Because of better techniques for isolating bacteria, it is more common now that bacteria such as Clostridium and Peptostreptococcus, are showing up in cultures. Frequently, a clinician will send off a tissue sample if a person is suspected of having necrotizing fasciitis and the results can yield a mix of other nonaerobic bacteria such as Klebsiella, E. coli and Pseudomonas.

Necrotizing Fasciitis: Signs and Symptoms

Almost all cases of necrotizing fasciitis begin with an existing infection. An initial infection can result for almost any reason such as surgery, punctures or cuts to the skin or an insect bite. Instead of healing properly, a wound will start to become red, swollen and painful.

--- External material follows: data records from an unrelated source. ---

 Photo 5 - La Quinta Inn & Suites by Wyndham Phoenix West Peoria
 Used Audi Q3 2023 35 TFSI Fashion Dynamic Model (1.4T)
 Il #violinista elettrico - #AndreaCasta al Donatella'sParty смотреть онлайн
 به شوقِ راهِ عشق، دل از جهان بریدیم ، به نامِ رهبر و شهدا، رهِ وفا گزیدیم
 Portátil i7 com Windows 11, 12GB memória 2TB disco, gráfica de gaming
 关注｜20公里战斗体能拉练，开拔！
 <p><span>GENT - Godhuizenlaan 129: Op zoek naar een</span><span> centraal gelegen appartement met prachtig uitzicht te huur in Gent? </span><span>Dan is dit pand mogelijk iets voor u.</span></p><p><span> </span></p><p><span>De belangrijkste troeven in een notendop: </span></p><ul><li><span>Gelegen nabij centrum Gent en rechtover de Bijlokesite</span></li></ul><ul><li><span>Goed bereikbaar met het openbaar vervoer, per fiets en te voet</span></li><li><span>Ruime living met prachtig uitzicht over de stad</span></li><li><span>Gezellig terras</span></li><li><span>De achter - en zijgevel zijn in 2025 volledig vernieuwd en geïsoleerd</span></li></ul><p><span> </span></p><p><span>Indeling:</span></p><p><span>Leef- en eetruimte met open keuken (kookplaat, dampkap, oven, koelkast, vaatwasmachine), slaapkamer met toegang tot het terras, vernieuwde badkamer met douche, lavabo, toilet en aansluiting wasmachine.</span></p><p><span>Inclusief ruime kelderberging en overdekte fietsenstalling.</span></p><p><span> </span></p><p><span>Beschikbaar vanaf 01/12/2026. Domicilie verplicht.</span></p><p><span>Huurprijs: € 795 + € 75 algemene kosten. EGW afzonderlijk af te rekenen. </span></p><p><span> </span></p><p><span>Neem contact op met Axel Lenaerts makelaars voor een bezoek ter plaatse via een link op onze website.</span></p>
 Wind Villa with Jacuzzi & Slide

Normally, the signs and symptoms of necrotizing fasciitis begin within a few hours after an injury and can often present like another illness or injury. Some people who contract the infection may complain about pain or feeling sore, much like what would be experienced with a pulled muscle. 

The skin in the area of the wound will be warm to the touch and appear red or purplish colored.

Other things which may be noticed in the wound area include blisters, ulcers or black spots on the skin. People often describe the pain of necrotizing fasciitis as severe and unbearable. Often, a physician will note a person will have fever, chills, fatigue and vomiting. Because these signs and symptoms could mimic other illnesses, it may result in a delayed diagnosis.